De docenten van de Internationale School voor Wijsbegeerte (ISVW) hebben op 22 februari 2017 hun jaarlijkse etentje. Omdat de ISVW ook de uitgever is van mijn laatste boekje – Waar filosofen van houden – en omdat het onderwerp van dat boekje wel interessant moet zijn voor al deze filosofiedocenten, leek het de ISVW een goed idee om mij tijdens dat diner een voordracht te laten houden over dat waar wij van houden (naast goed, lekker en gezellig samen eten).
Dat kan nog best spannend worden, omdat ik het in dat boekje eigenlijk niet zozeer op een descriptieve manier heb over waar de filosofen die ik ken zoal van houden, maar omdat ik het veel dwingender (en dus in feite ook wel onaardiger) op een prescriptieve manier heb over waar filosofen van zouden moeten houden.
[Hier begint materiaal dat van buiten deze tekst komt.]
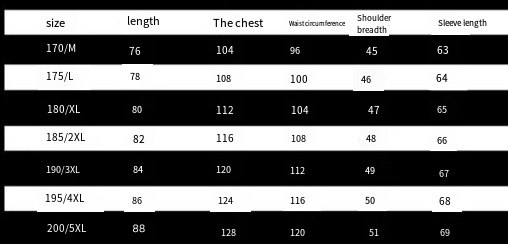 The image displays a size chart for a men thickened trench coat with double collar woolen outerwear, listing various sizes with corresponding chest circumference and sleeve length measurements.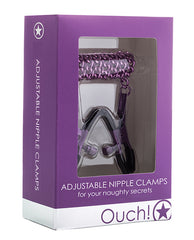 Ouch Bondage Restraint Adjustable Nipple Clamps Nickel-Free Chain for Sensual Couples Play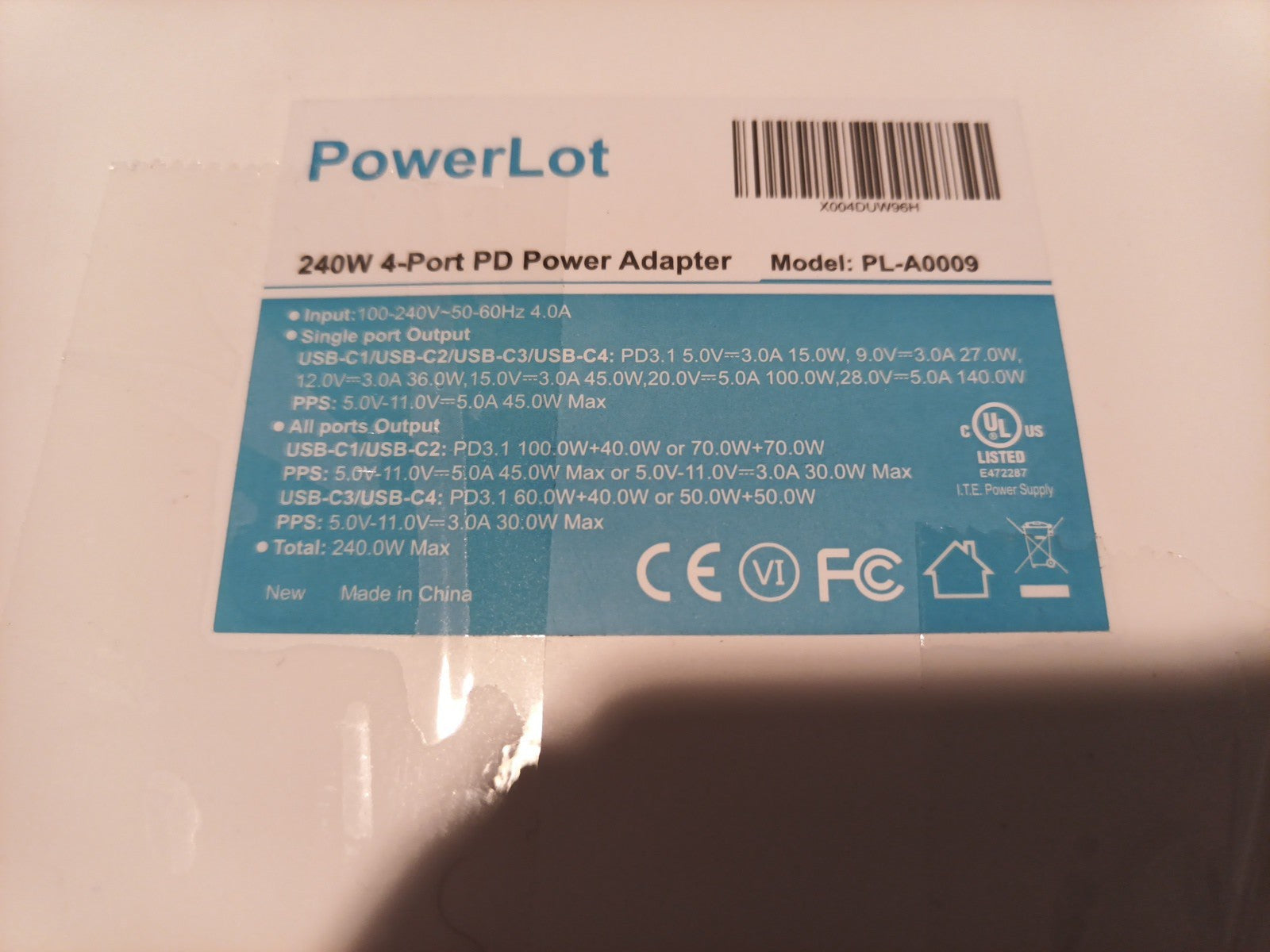 PowerLot Power Station 240W 4-port PD Power Adapter Fast Charge USB C1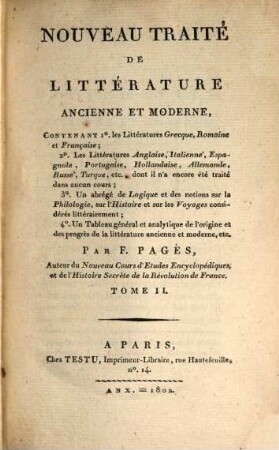 Nouveau Traité de Litterature ancienne et moderne, 2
Daarbij spaar ik de academische filosofen niet. En ik spaar ook de publieksfilosofen niet. Misschien moet ik mijn toetje alleen eten. In de kelder. Voor straf.
Ik hoop het niet. Ik verwacht het ook niet. Want filosofen houden van discussiëren, van het maken van onderscheidingen, en van het stellen van relevante vragen. Dus de kans is groter dat het hoofdgerecht van ons allemaal koud wordt, dan dat ik geen toetje meer krijg.